> The data
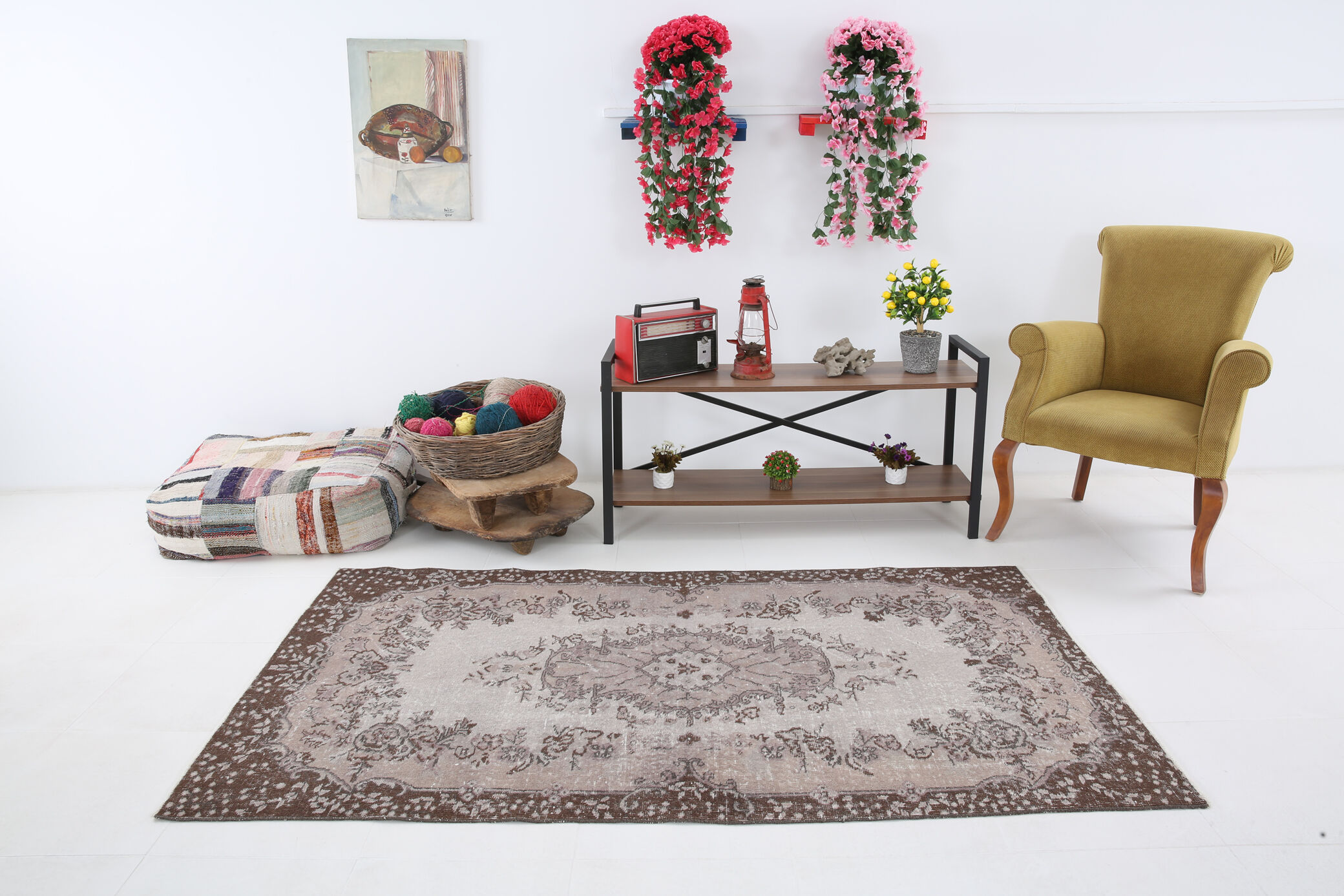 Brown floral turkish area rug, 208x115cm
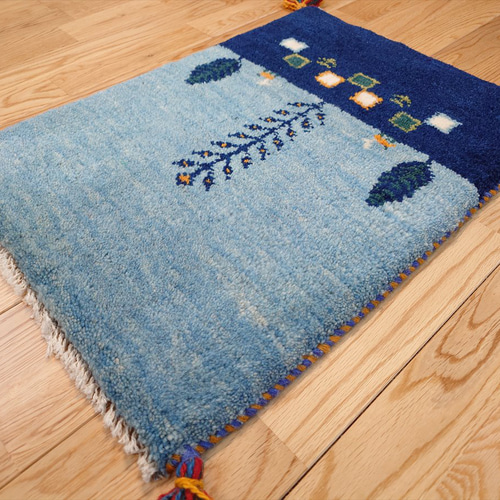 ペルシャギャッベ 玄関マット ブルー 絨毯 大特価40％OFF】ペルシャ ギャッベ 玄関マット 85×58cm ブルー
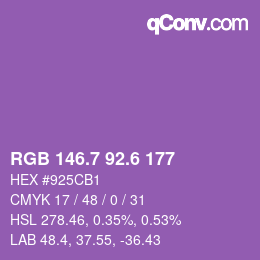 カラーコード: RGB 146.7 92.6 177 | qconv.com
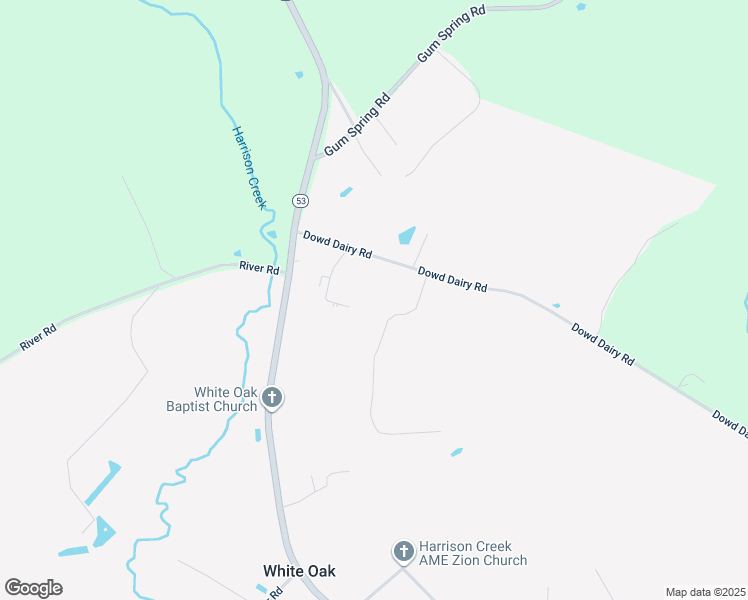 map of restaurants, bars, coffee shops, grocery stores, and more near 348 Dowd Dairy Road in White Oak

> Task instructions
Pictures must not appear in the copy, which must otherwise match the listing exactly.

> Result of this exercise
 Brown floral turkish area rug, 208x115cm
 ペルシャギャッベ 玄関マット ブルー 絨毯 大特価40％OFF】ペルシャ ギャッベ 玄関マット 85×58cm ブルー
 カラーコード: RGB 146.7 92.6 177 | qconv.com
 map of restaurants, bars, coffee shops, grocery stores, and more near 348 Dowd Dairy Road in White Oak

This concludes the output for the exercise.